After returning from the war, Nixon entered politics, answering a Republican party call in the newspaper for someone to run against the five-term Democratic Congressman, Jerry Voorhis. Nixon seemed the perfect man for the job, and he was welcomed generously by the California Republican party.
The style of Nixon’s first campaign set the tone for the early part of his political career, where he achieved fame as a devout anti-Communist. He accused Congressman Voorhis of being a communist. This sort of straightforward communist-bashing was new at the time. Nixon defeated Voorhis with sixty percent of the vote.
Nixon later said "Of course I knew Jerry Voorhis wasn’t a communist, but I had to win."
Nixon became the junior member of the House Committee on un-American Activities. Nixon’s pursuit of Alger Hiss, a former adviser to Franklin Roosevelt, gave him national exposure. Hiss had been accused of being a communist and of transmitting secret State Department documents to the Soviets. Hiss was convicted and jailed.
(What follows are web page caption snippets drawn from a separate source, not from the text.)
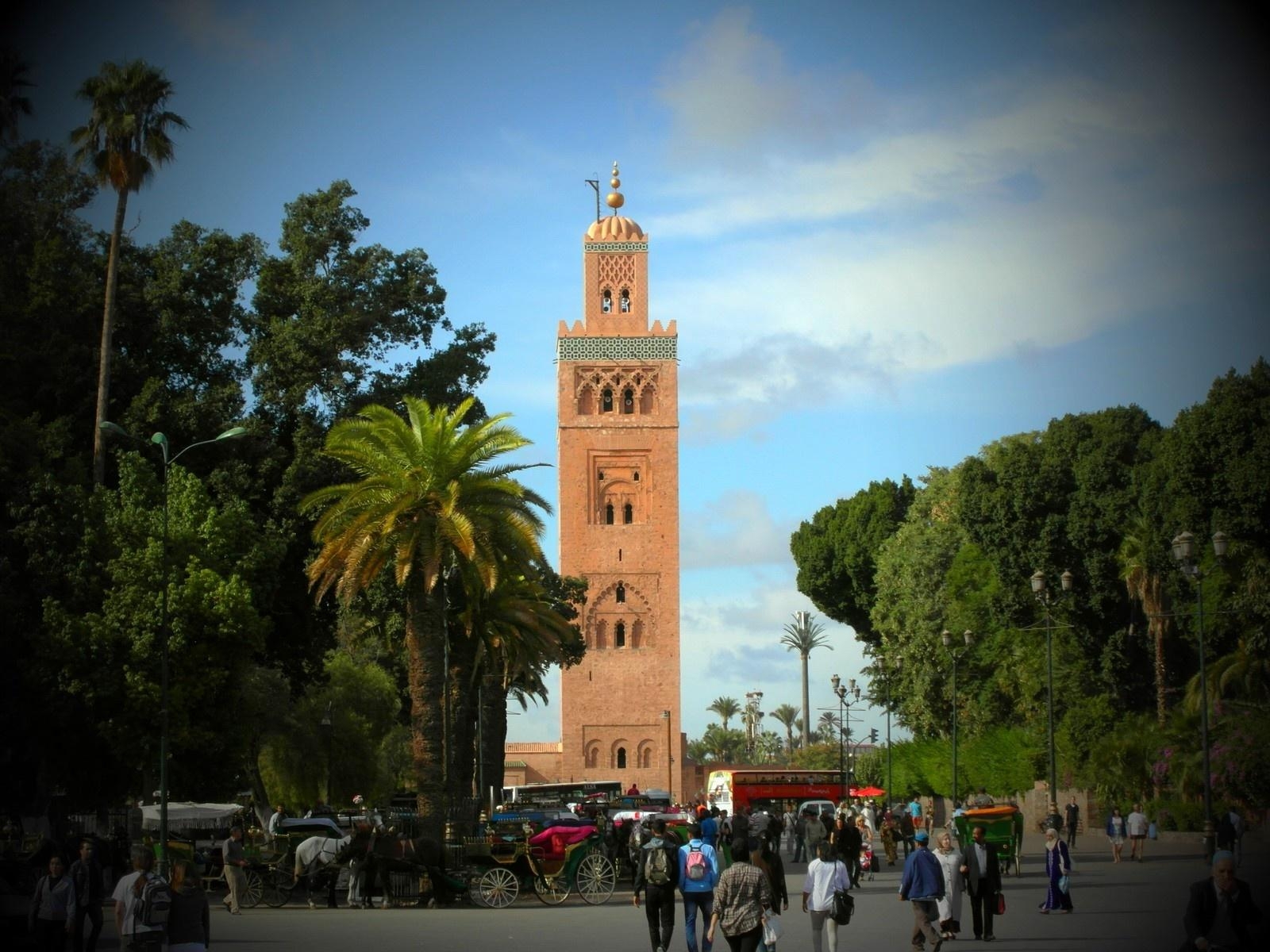 1600x1200 Marrakech, De la Place Jemaa el Fna au Parc Lalla Hasna en passant, Desktop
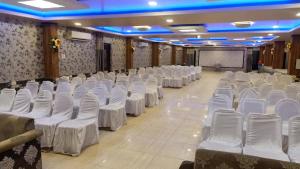 hotel vilas prayagraj
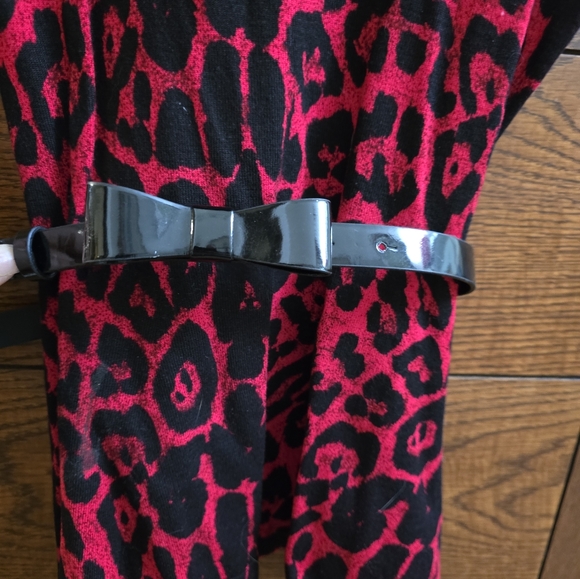 Like new INC petite red leopard belted top. - Picture 2 of 5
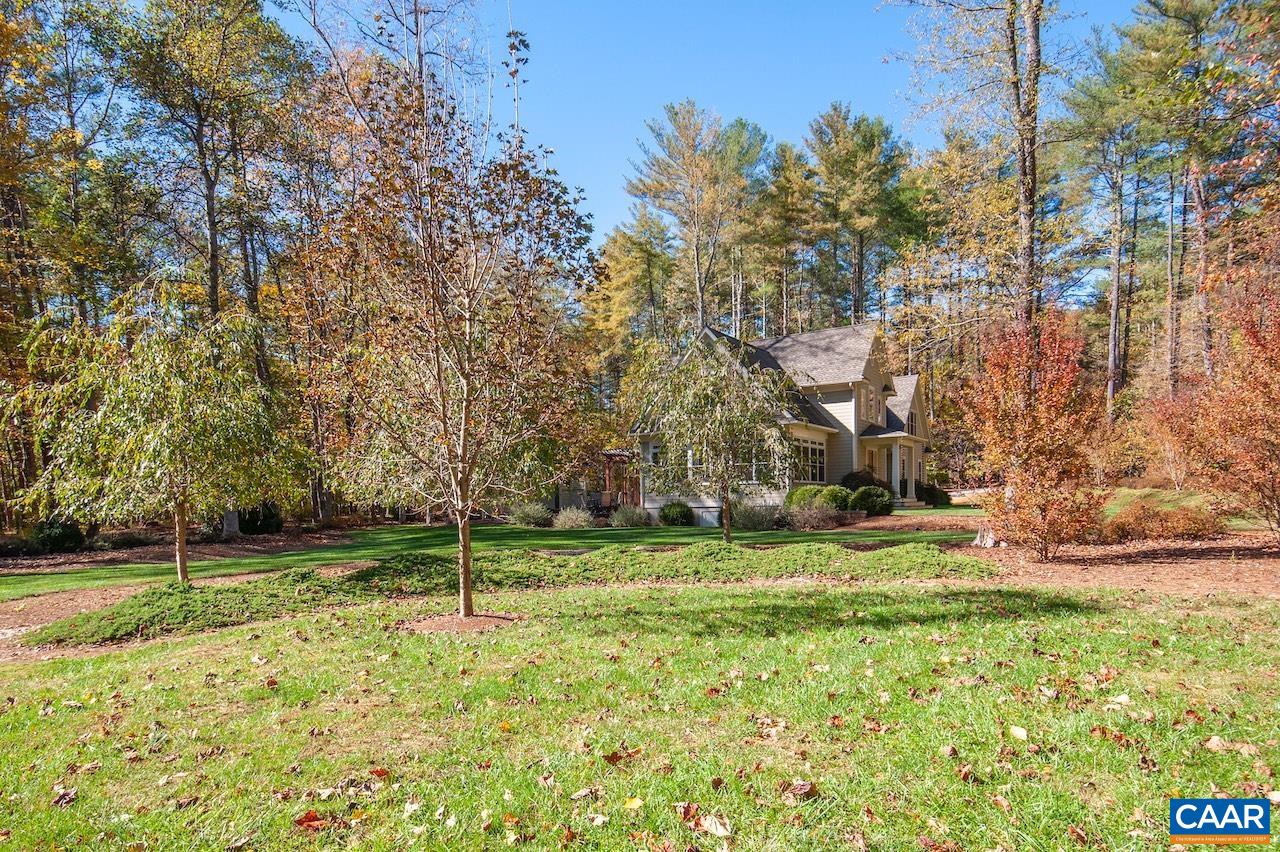 36 DEER RUN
At the age of thirty-five, Nixon was a national figure, and he used this fame to an easy victory in his senate race against three-term Congresswoman Helen Gahagan Douglas in 1950, once again adopting a communist-bashing campaign. He accused Ms. Douglas, who opposed the un-American Activities Committee, of being "pink right down to her underwear." In return, Douglas gave Nixon with his nickname, "Tricky Dick."
Nixon was in the US Senate for a year-and-a-half when the Republican national convention selected him to be General Dwight D. Eisenhower’s running mate. Much of Nixon’s success had been built on the political destroying of his Democratic foes, and Nixon was expected to do much of the dirty work of campaigning. Nixon performed his task admirably, casting doubt on the abilities and patriotism of his and Eisenhower’s Democratic opponent, Adlai Stevenson.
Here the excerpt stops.